*Requirement*: Every line below should be duplicated exactly.

*Material provided*:
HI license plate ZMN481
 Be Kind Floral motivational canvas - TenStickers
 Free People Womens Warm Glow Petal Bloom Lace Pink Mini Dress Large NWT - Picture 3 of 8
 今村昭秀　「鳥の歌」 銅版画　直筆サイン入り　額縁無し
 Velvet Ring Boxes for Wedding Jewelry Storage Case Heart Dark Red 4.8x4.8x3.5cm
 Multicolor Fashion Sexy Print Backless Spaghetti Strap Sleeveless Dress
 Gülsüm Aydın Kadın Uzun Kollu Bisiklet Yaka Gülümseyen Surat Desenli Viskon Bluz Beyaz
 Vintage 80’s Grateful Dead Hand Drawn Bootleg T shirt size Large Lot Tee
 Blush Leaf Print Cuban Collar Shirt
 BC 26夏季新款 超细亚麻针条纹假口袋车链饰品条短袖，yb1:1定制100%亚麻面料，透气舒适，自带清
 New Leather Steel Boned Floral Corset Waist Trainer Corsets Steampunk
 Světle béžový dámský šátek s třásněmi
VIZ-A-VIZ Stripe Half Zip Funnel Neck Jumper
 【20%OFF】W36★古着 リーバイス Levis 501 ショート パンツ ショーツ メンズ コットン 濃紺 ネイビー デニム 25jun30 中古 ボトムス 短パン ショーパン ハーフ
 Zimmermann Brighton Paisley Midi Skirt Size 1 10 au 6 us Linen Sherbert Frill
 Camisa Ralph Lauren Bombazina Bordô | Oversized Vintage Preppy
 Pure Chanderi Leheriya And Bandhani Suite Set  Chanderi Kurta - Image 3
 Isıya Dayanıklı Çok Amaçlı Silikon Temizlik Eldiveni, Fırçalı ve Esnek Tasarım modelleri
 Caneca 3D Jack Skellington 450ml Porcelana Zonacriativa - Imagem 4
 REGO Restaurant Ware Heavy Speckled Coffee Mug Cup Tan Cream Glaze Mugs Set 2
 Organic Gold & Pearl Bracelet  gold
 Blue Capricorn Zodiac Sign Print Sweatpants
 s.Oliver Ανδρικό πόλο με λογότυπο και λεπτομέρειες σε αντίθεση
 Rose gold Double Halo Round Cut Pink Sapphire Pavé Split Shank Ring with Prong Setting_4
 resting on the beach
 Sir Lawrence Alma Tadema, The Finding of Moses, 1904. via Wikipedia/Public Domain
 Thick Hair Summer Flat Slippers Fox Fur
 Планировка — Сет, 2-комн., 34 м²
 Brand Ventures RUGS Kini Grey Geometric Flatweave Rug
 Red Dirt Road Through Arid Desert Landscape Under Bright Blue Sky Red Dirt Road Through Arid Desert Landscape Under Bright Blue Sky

*Task result*:
HI license plate ZMN481
 Be Kind Floral motivational canvas - TenStickers
 Free People Womens Warm Glow Petal Bloom Lace Pink Mini Dress Large NWT - Picture 3 of 8
 今村昭秀　「鳥の歌」 銅版画　直筆サイン入り　額縁無し
 Velvet Ring Boxes for Wedding Jewelry Storage Case Heart Dark Red 4.8x4.8x3.5cm
 Multicolor Fashion Sexy Print Backless Spaghetti Strap Sleeveless Dress
 Gülsüm Aydın Kadın Uzun Kollu Bisiklet Yaka Gülümseyen Surat Desenli Viskon Bluz Beyaz
 Vintage 80’s Grateful Dead Hand Drawn Bootleg T shirt size Large Lot Tee
 Blush Leaf Print Cuban Collar Shirt
 BC 26夏季新款 超细亚麻针条纹假口袋车链饰品条短袖，yb1:1定制100%亚麻面料，透气舒适，自带清
 New Leather Steel Boned Floral Corset Waist Trainer Corsets Steampunk
 Světle béžový dámský šátek s třásněmi
VIZ-A-VIZ Stripe Half Zip Funnel Neck Jumper
 【20%OFF】W36★古着 リーバイス Levis 501 ショート パンツ ショーツ メンズ コットン 濃紺 ネイビー デニム 25jun30 中古 ボトムス 短パン ショーパン ハーフ
 Zimmermann Brighton Paisley Midi Skirt Size 1 10 au 6 us Linen Sherbert Frill
 Camisa Ralph Lauren Bombazina Bordô | Oversized Vintage Preppy
 Pure Chanderi Leheriya And Bandhani Suite Set  Chanderi Kurta - Image 3
 Isıya Dayanıklı Çok Amaçlı Silikon Temizlik Eldiveni, Fırçalı ve Esnek Tasarım modelleri
 Caneca 3D Jack Skellington 450ml Porcelana Zonacriativa - Imagem 4
 REGO Restaurant Ware Heavy Speckled Coffee Mug Cup Tan Cream Glaze Mugs Set 2
 Organic Gold & Pearl Bracelet  gold
 Blue Capricorn Zodiac Sign Print Sweatpants
 s.Oliver Ανδρικό πόλο με λογότυπο και λεπτομέρειες σε αντίθεση
 Rose gold Double Halo Round Cut Pink Sapphire Pavé Split Shank Ring with Prong Setting_4
 resting on the beach
 Sir Lawrence Alma Tadema, The Finding of Moses, 1904. via Wikipedia/Public Domain
 Thick Hair Summer Flat Slippers Fox Fur
 Планировка — Сет, 2-комн., 34 м²
 Brand Ventures RUGS Kini Grey Geometric Flatweave Rug
 Red Dirt Road Through Arid Desert Landscape Under Bright Blue Sky Red Dirt Road Through Arid Desert Landscape Under Bright Blue Sky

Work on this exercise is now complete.